Gene Wilder's performance in Willy Wonka is beyond my poor powers to praise, but here's something fans of the original movie never mention: Gene Wilder doesn't show up until 45 minutes into the movie. That's just about halfway through the picture—until then it's some of the most pointless and unnecessary exposition ever put on screen, along with musical numbers. Whatever else director Mel Stuart thought about his preteen audience, he apparently assumed that kids are huge Jack Albertson fans. Adults, more accustomed to having their time wasted, can pass this stuff by easily, but kids tune out before the picture even gets under way.
People have forgotten just how second-rate the making of children's movies was back in their own youth. It's an easy thing to forget today, in the era of "hand-holder" movies, when kids' stuff gets the lion's share of Hollywood attention. Who dares to speak of the dark ages of Disney's live-action kids movies, which included not only the now-doubly-unmourned Herbie franchise and The Apple Dumpling Gang Rides Again but countless career missteps for Kurt Russell? Have your fond memories of the pictures that rated as "classics" in your youth led you to check out, say, Mary Poppins recently? If so, you'll know that it's longer than Abel Gance's Napoleon and that in a truly efficient market Dick Van Dyke would have been prosecuted for that cockney accent. Instead, he was assigned to do it again just a few years later, in Chitty Chitty Bang Bang, another kids' classic whose reputation is in inverse proportion to its watchability.

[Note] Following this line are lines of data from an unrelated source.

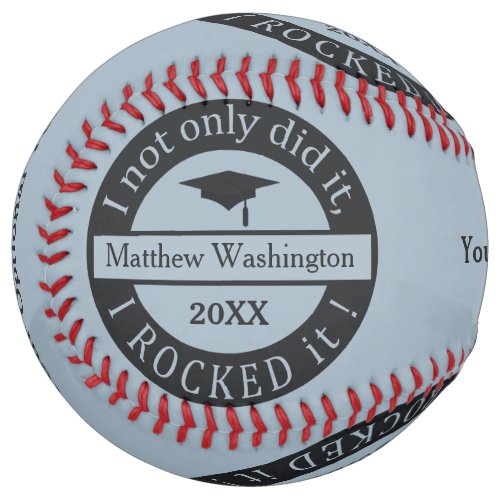 Graduation custom name  year softball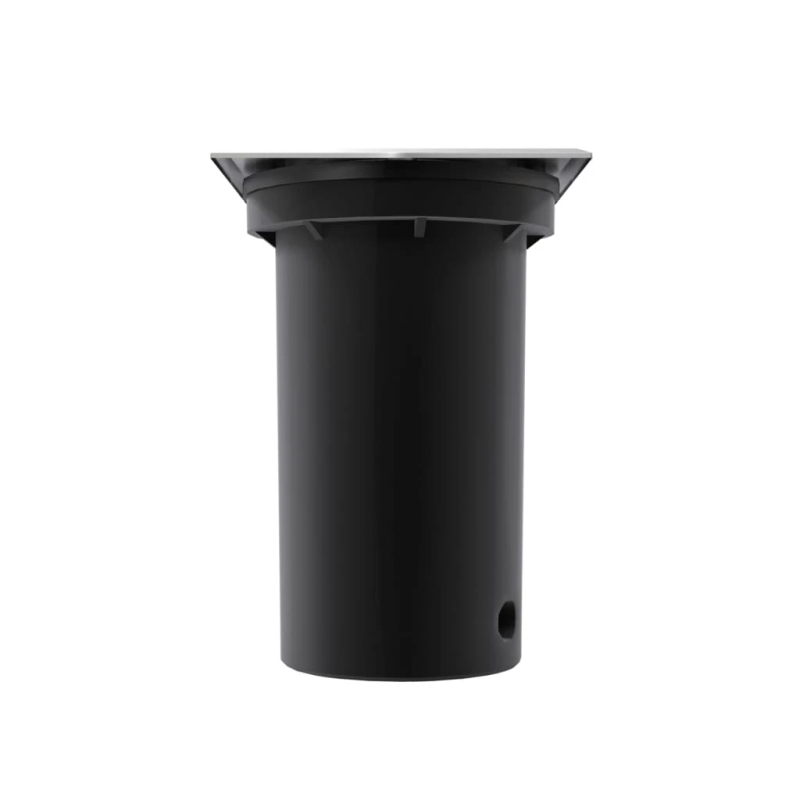 vidaXL dārza lampas, 3 gab., iebūvējamas zemē, kvadrāta forma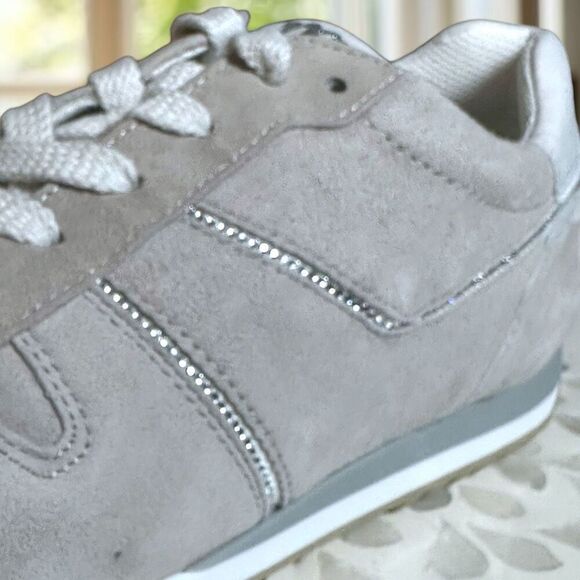 Paul Green $455 Tanner Leather Suede Rhinestone Sneaker Size 5.5 AU 8 US - Picture 6 of 16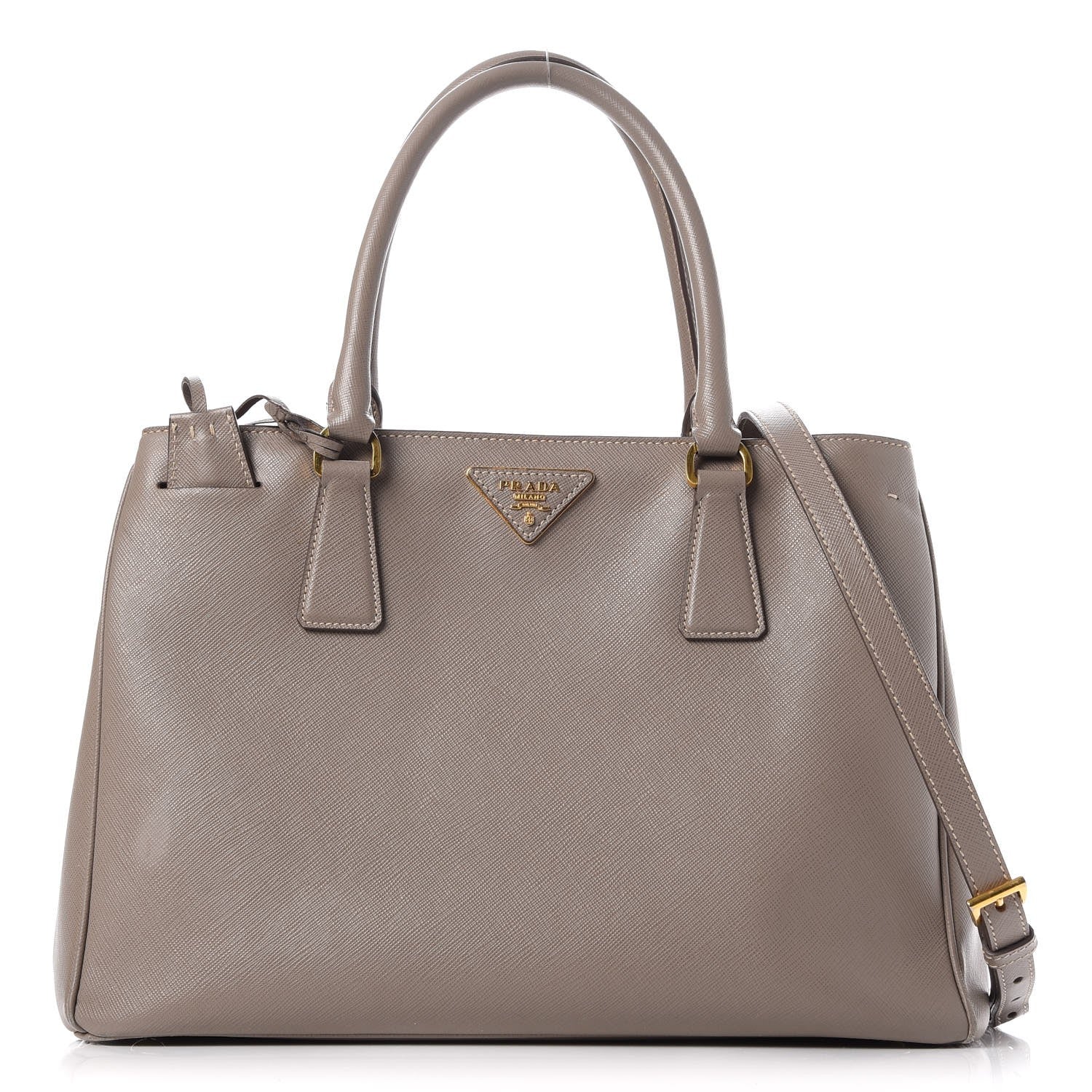 Prada Saffiano Lux Medium Tote Argilla 1 of 18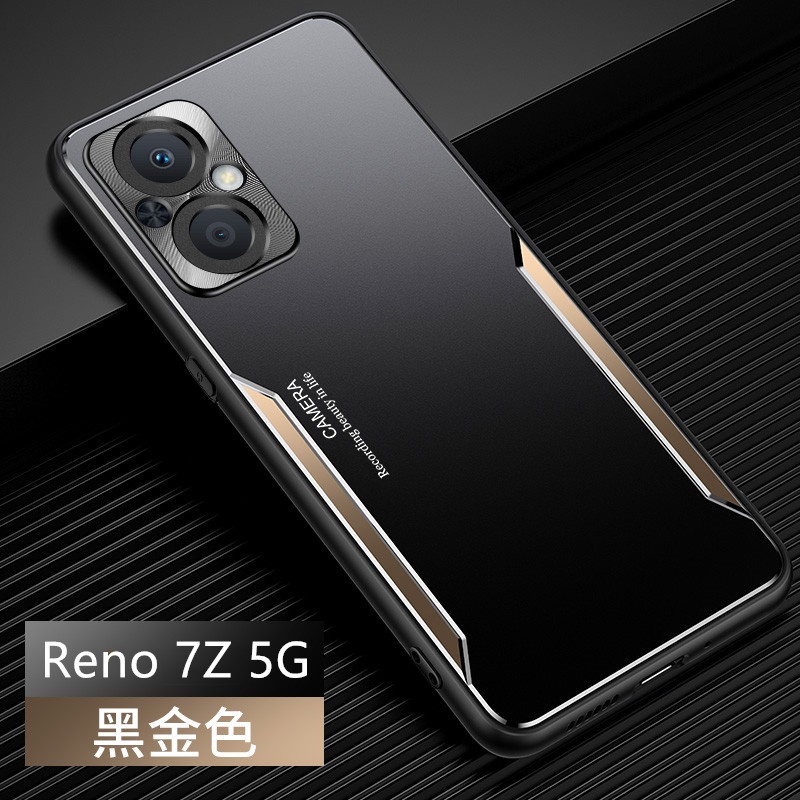 Ốp Điện Thoại TPU + PC Mặt Nhám Hợp Kim Nhôm Cho Oppo Reno7Z 5G Oppo Reno 7Z 5G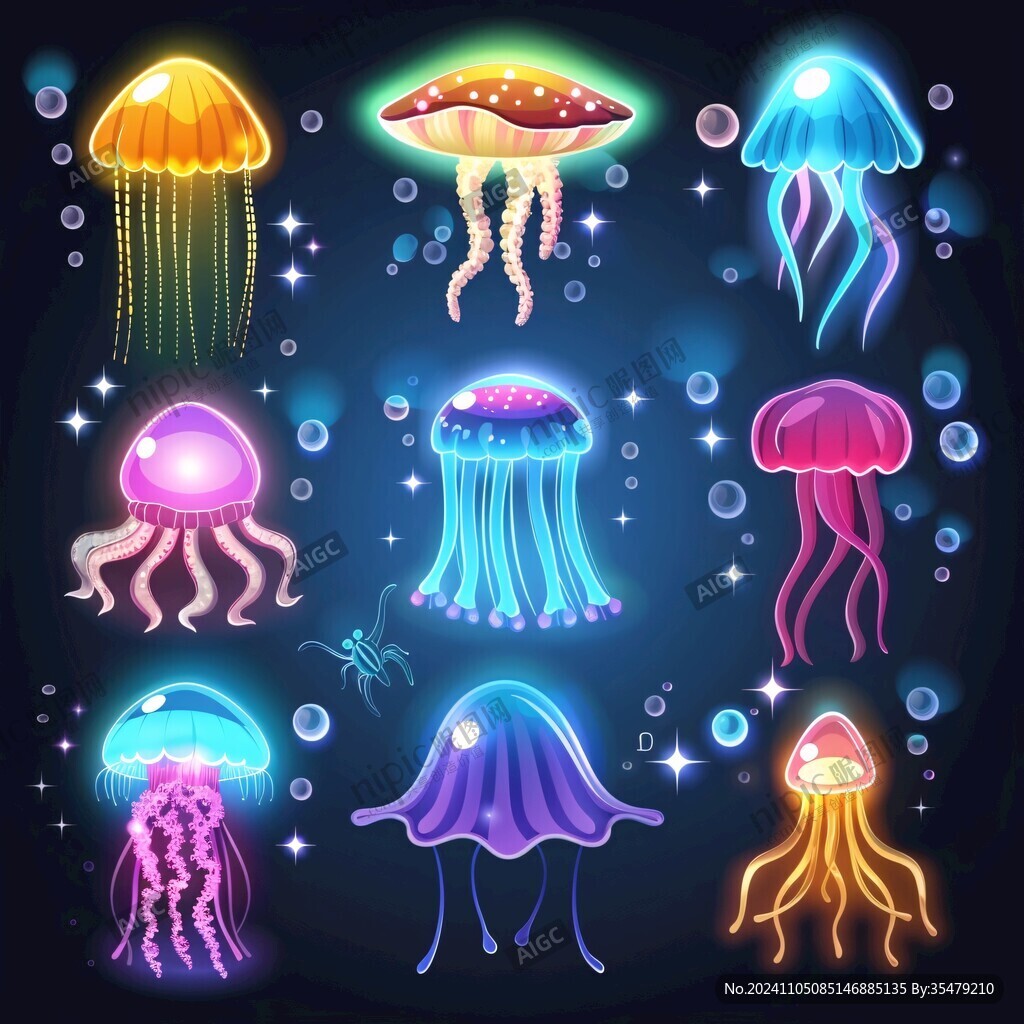 海洋生物夢(mèng)幻水母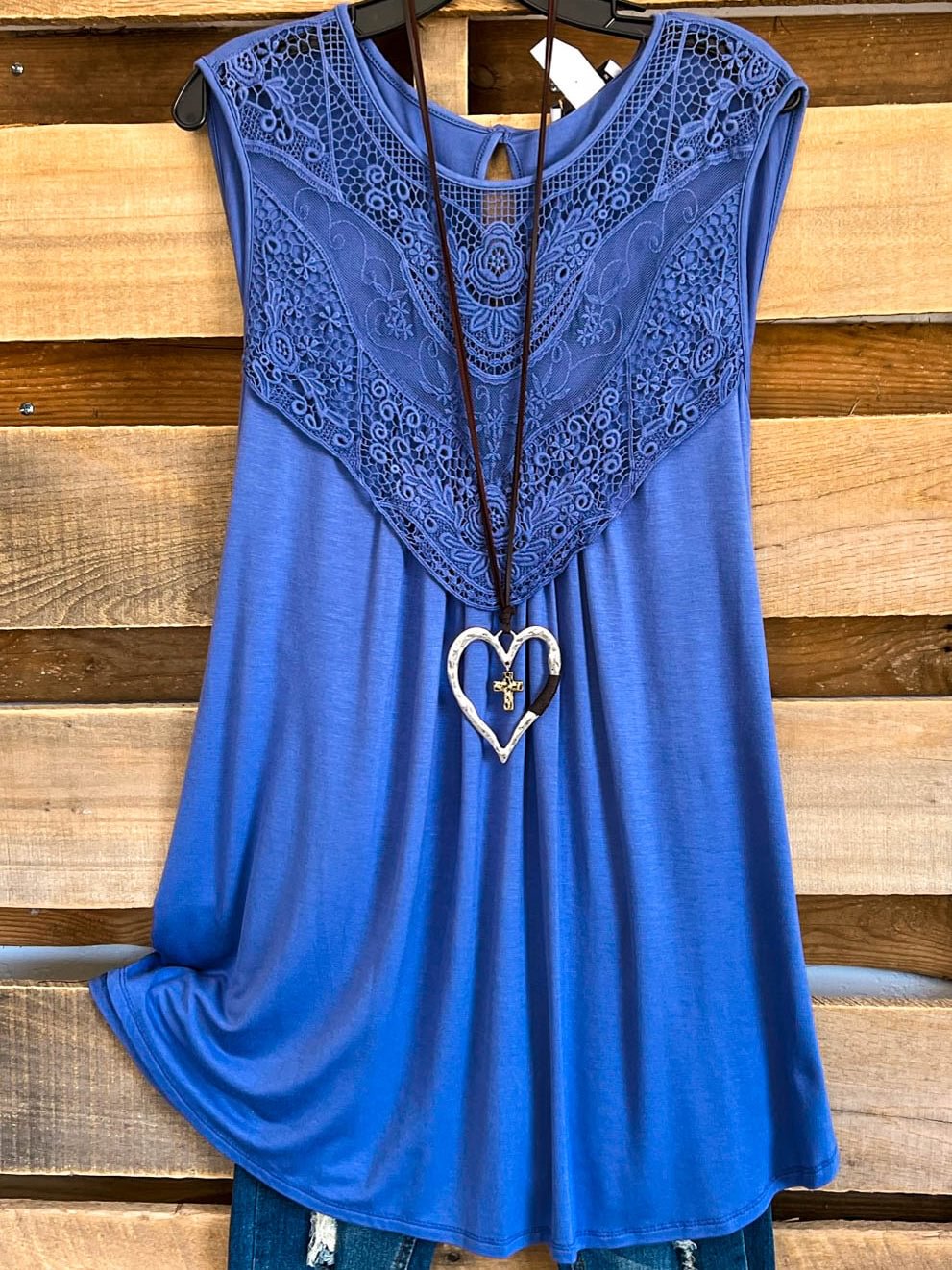 Crew Neck Casual Sleeveless Floral Pattern Top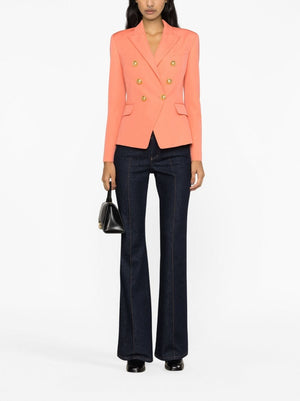 BALMAIN Stylish Double-Breasted Wool Jacket for Women in Pink - Fall/Winter 2024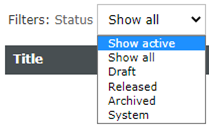 login notifications Filter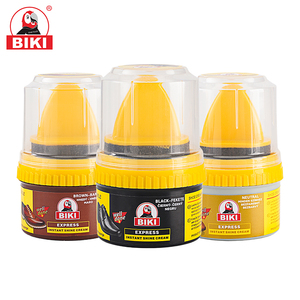 Crème de cirage instantanée en gros 50ml, kit d'entretien du <span class=keywords><strong>cuir</strong></span> avec éponge, cire à chaussures portable pour chaussures noires et marron - Product Image 2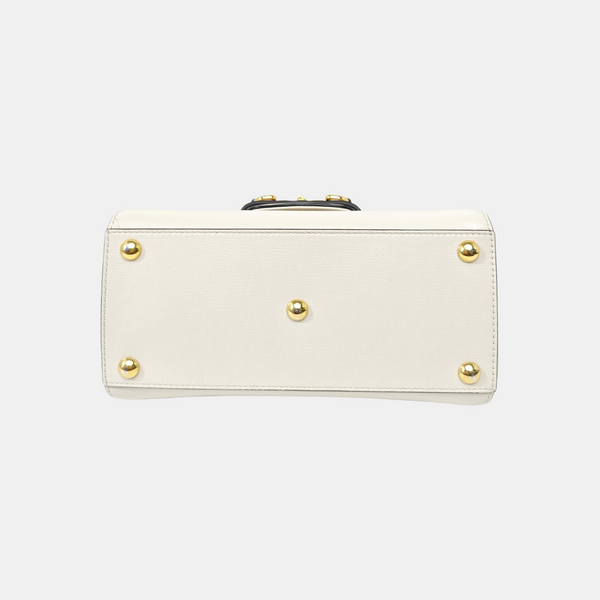 Horsebit 1955 Small Calfskin White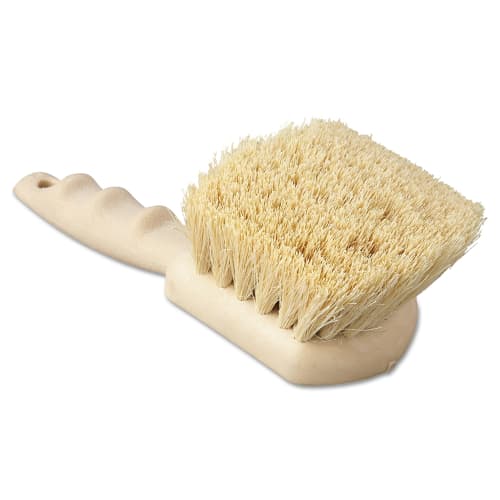 Boardwalk® 8.5 Inch Long Utility Brush, Tampico Fill, Tan Handle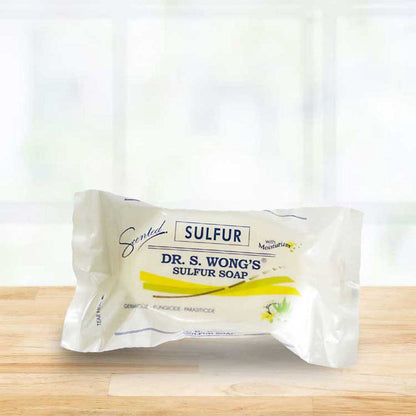 Dr. Wong's Sulfur Soap With Moisturizer 135g - [Bundle of 5]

This last picture, scripted by Roald Dahl, brings us to another Chocolate Factory point nobody's mentioned. Contrary to all expectations, it turns out it's Roald Dahl's world, and we're just livin' in it. Matilda, James and the Giant Peach, the upcoming Fantastic Mr. Fox... Who could have guessed the old Jew-baiter would get such a second wind in death? Can a movie version of his wife-swapping gotcha tale Switch Bitch (preferably as a children's picture) be far behind?
In a reversal worthy of Marlon Brando's critical history of The Freshman (which he called "a stinker" one week and "a screamingly funny film that will be remembered for decades" the next), Gene Wilder hands Johnny Depp his ass here, then calls him "magical" here.